=== How to complete this task ===
From the data below, set down exactly the lines between the one holding "A modern staircase" and the one holding "Close-up Of A", inclusive, and no others.
--- Supplied data Enclosed Below ---
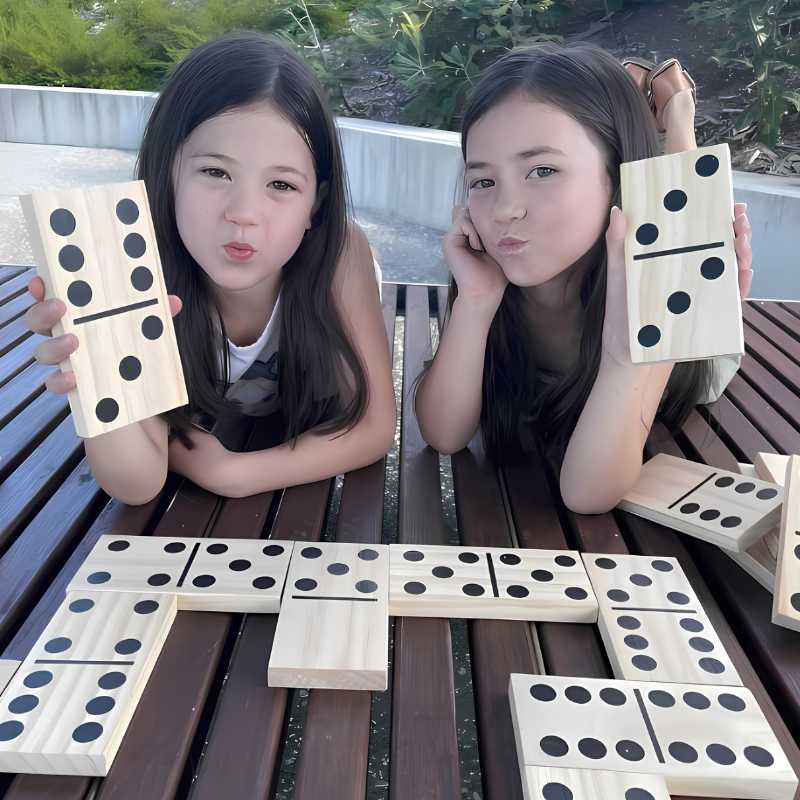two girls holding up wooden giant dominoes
--- End of Enclosed Supplied data ---
--- Supplied data Enclosed Below ---
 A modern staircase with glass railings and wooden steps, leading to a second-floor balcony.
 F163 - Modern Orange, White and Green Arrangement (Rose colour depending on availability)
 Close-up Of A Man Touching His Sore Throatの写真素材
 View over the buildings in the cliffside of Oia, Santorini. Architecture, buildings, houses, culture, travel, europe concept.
--- End of Enclosed Supplied data ---
=== Answer for this exercise ===
 A modern staircase with glass railings and wooden steps, leading to a second-floor balcony.
 F163 - Modern Orange, White and Green Arrangement (Rose colour depending on availability)
 Close-up Of A Man Touching His Sore Throatの写真素材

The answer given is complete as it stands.